Judgment unanimously affirmed. Memorandum: On appeal from a judgment convicting him of murder in the second degree and criminal possession of a weapon in the second degree, defendant contends that the nearly two-year delay between his first and second trials deprived him of his constitutional and statutory (CPL 30.20) right to a speedy trial. We reject that contention. Shortly after a mistrial was declared in the first trial, the People’s only eyewitnesses were indicted for perjury arising from their testimony at trial. Because those witnesses would not testify at defendant’s second trial while the perjury charges were pending, it was necessary for the People to resolve those charges before proceeding with defendant’s retrial. Defendant was free on bail during the period between trials, the nature of the charge was serious, and there is no merit to defendant’s assertion that his defense was prejudiced by the delay. Upon a consideration of all relevant factors (see, Barker v Wingo, 407 US 514, 530; People v Taranovich, 37 NY2d 442, 445), we find that the court did not err in concluding that defendant’s right to a speedy trial was not violated (see, People v Singer, 44 NY2d 241; People v Perez, 42 NY2d 971; People v Brown, 124 AD2d 667, lv denied 69 NY2d 825).

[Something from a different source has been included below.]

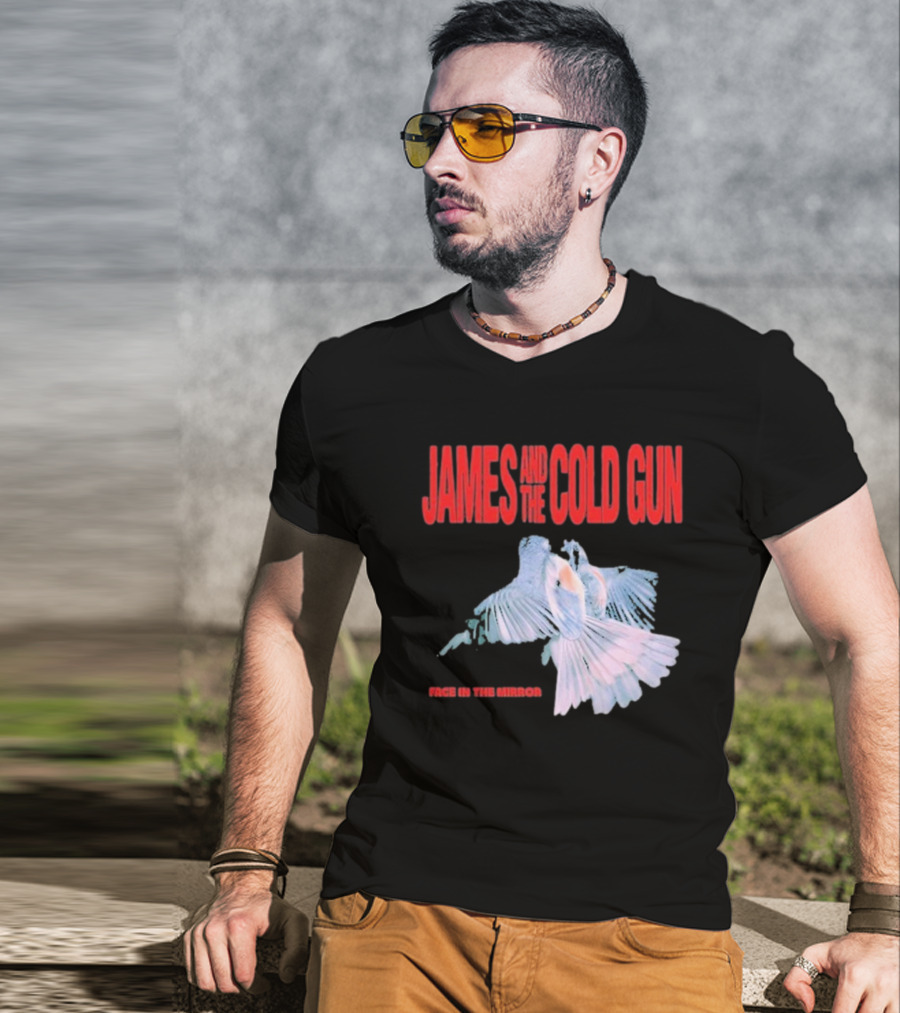 James And The Cold Gun Face In The Mirror Birds Image T-Shirt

Viewing the record in the light most favorable to the People (see, People v Ford, 66 NY2d 428), we find that the evidence is sufficient to support the jury’s verdict. The record establishes that defendant chased the victim down the street and fired four shots, one of which hit the victim in the back of the head. When defendant returned to his car, he told his companions that he had hit the victim. It was reasonable to infer from those circumstances that he had an intent to kill (see, People v Jackson, 18 NY2d 516, 520; People v Horton, 18 NY2d 355, 359, cert denied 387 US 934).
No objection was raised to any of the claimed improprieties in the prosecutor’s summation, and that issue was not preserved for our review (see, CPL 470.05 [2]; People v Dawson, 50 NY2d 311, 324). In any event, the remarks were made in response to matters raised by defense counsel in his summation and constituted fair comment (see, People v Dunn, 158 *1175AD2d 941; People v Price, 144 AD2d 1013, lv denied 73 NY2d 895).
We have reviewed the remaining issues raised in defendant’s brief and in his pro se supplemental brief and find them to be without merit. (Appeal from judgment of Supreme Court, Erie County, Marshall, J.—murder, second degree.) Present— Denman, J. P., Pine, Balio, Lawton and Lowery, JJ.